Any questions please ask.


Thank you

----------


## joely

> Hi Guys, 
> I'm a 32 year old male who is a Norwood 3, I have recession on the temples and crown. 
> I have been suffering from hair loss for about 7 years now, it started off at the temples and in the last 3 years has now occurred in the crown.
> I've tried regaine and was allergic to it (itching). I've been using the laser comb for over 2 years, I would say that's it more of a cosmetic device I.e. it makes your hair look better but I wouldn't say it regrows hair (maybe slows down the loss at the most) 
> I had a consultation at Ziering with Kevin back in Jan.
> He told me I needed about 3000 grafts to cover both crown and temples. Since I don't wear my hair too short he recommended the strip procedure. 
> The strip was also a lot more cost effective than fue and will conserve more grafts for the future should I need further surgery.
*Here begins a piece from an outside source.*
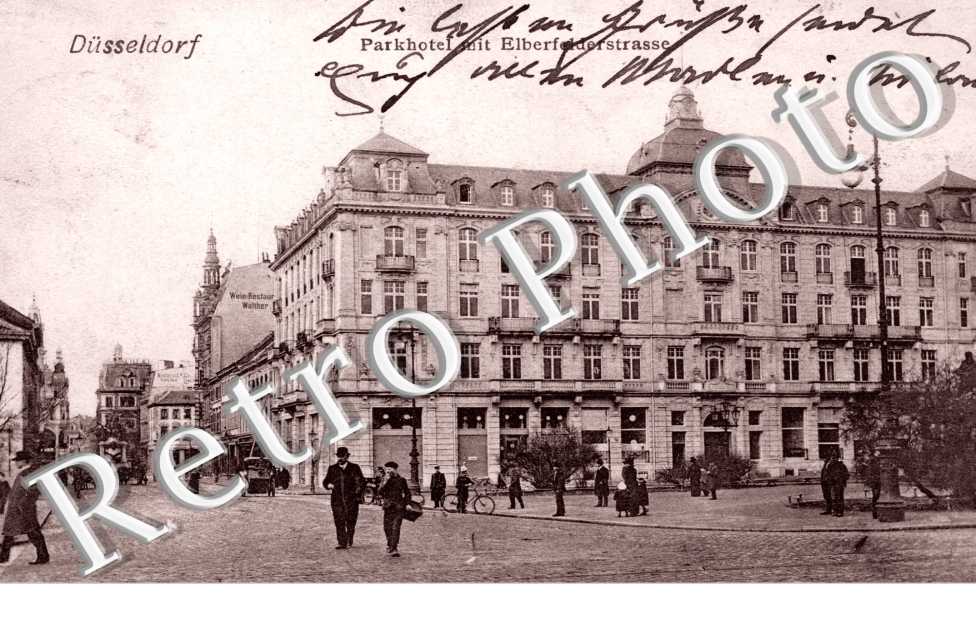 parkhotel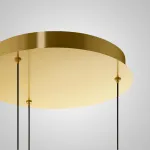 Подвесной светильник ASKUM H27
During the consultation I spoke to Dr Krishnan, I found him very professional and friendly. 
> I then booked the procedure for mid march. 
> On the day of the procedure: 
> ...


 dxq,

\thanks for sharing the experience two weeks today until my turn, sounds like you had a good overall experience, im hoping for roughly the same amount of grafts / location as you but maybe a few less.
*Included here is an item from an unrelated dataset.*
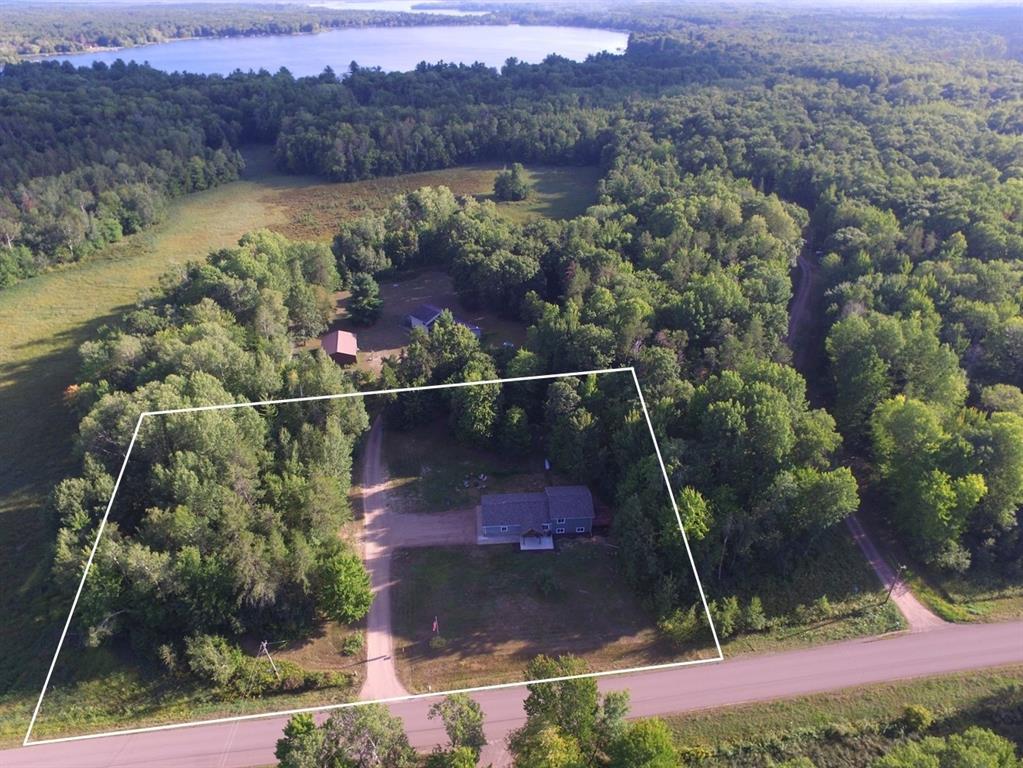 Photo of 6595 Pike Bend ROAD, Webster, WI 54893 (MLS # 1604702)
Looks like you will get a  decent final result!

----------


## joely

DXQ, Do you have any before photos?

----------


## Dxq673

> DXQ, Do you have any before photos?


 Hi joely,
Here is one photo I took, 
My existing hair is quite thick (luckily) but you can see the recession at the temples, it doesn't look so bad in the picture since my existing hair is covering some of that area but if I pulled my hair back there was quite a bit of scalp present. 
The pre op photos they took at the clinic will show this a lot more clearly than my pic, I'm due to go for a hair wash on Monday so I will ask if I can get a copy.
Also when these hairs fall out I will post some pics as it will also show what it originally looked like. 
I will also post a photo of my crown pre op.

----------


## joely

> Hi joely,
> Here is one photo I took, 
> My existing hair is quite thick (luckily) but you can see the recession at the temples, it doesn't look so bad in the picture since my existing hair is covering some of that area but if I pulled my hair back there was quite a bit of scalp present. 
> The pre op photos they took at the clinic will show this a lot more clearly than my pic, I'm due to go for a hair wash on Monday so I will ask if I can get a copy.
> Also when these hairs fall out I will post some pics as it will also show what it originally looked like. 
> I will also post a photo of my crown pre op.


 Cool,

Looks like you are in for a good result! Im started to get rather exited about it all now, really looking forward tp having a hair line after all these years

----------


## C21

Cant wait to get mine done now either, i just want all the indecision to be out the way and getting on with it.. I keep seeing what day 14 looks like and i see so much variance in terms of redness. 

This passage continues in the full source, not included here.